Oil Industry Conjures Illusion of Public Support for KXL Using ALEC Politicians

Millions of U.S. citizens have voiced their opposition to the Keystone XL (KXL) pipeline in recent months, with more than 2 million public comments opposing the project hand delivered to the State Department last week. At the same time, hundreds of state legislators have been lining up in favor of KXL, seemingly just as passionate and as heartfelt as those opposed to the project. But many legislators have been tasked with promoting the project by oil industry lobbyists who provide them with model bills, talking points and draft op-eds.

According to documents obtained by the Center for Media and Democracy (CMD), the American Petroleum Institute (API) and other oil industry groups have been directing state legislators to make public and legislative statements in favor of the pipeline project, and have provided legislators with draft legislation, language for op-eds and testimony to be presented as their own. Central to these efforts is the American Legislative Exchange Council (ALEC), through which lobbyists — such as those from API — can meet in secret with state legislators from across the country.

During the most recent annual ALEC meeting in August 2013, held in downtown Chicago, oil-industry lobbyist Michael Whatley provided legislators at the group’s International Relations Task Force meeting with a briefing on the KXL pipeline, urging legislators for their help in getting the project approved. Whatley — a lobbyist for the Consumer Energy Alliance (CEA) — has regularly attended ALEC meetings in recent years, and has presented to the organization on KXL in the past. CEA receives funding from the two leading U.S. oil lobby groups — the American Petroleum Institute (API) and the American Fuel and Petrochemical Manufacturers (AFPM) — and lists among its members leading oil companies, including ExxonMobil, Shell and BP amongst many others. Whatley’s lobbying firmHBW Resources also has a somewhat unexplained relationship with the Alberta Government – see Salon.
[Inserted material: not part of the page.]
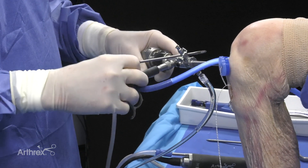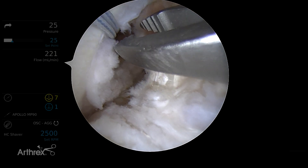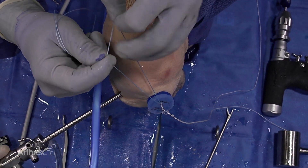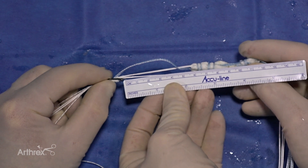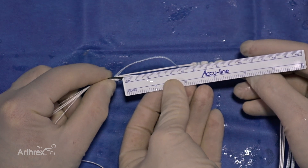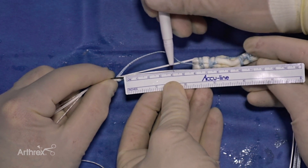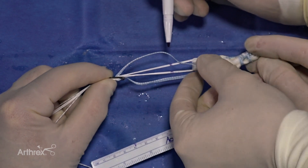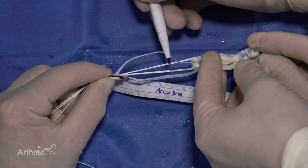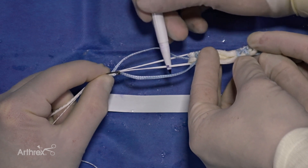Now we're going to pass our graft. We have to retrieve our docking suture from the femoral socket. Having the passport cannula in place makes this very easy. Here's our femoral docking suture out the passport cannula with our tibial suture. What I'm showing here is a nice trick to allow for easy passage of your button on the femoral side without using x-ray intraoperatively. Our intraoperative distance measured when we created the femoral socket was 40mm. We're marking our strands at 40 from the distal end of the button, because the button will go out the small femoral hole and flip on itself at 40 millimeters, which would be the aperture of the hole on the femoral side.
According to the internal minutes from the ALEC meeting provided to CMD, Whatley called on legislators to help push the pipeline project to approval. Much as environmental groups view KXL as being a line in the sand, as symbolic of how serious the Obama administration is about tackling climate change, the oil industry considers the project to be a possible harbinger of things to come. “We’re very concerned about the precedential impact of this refusal,” Whatley told the group.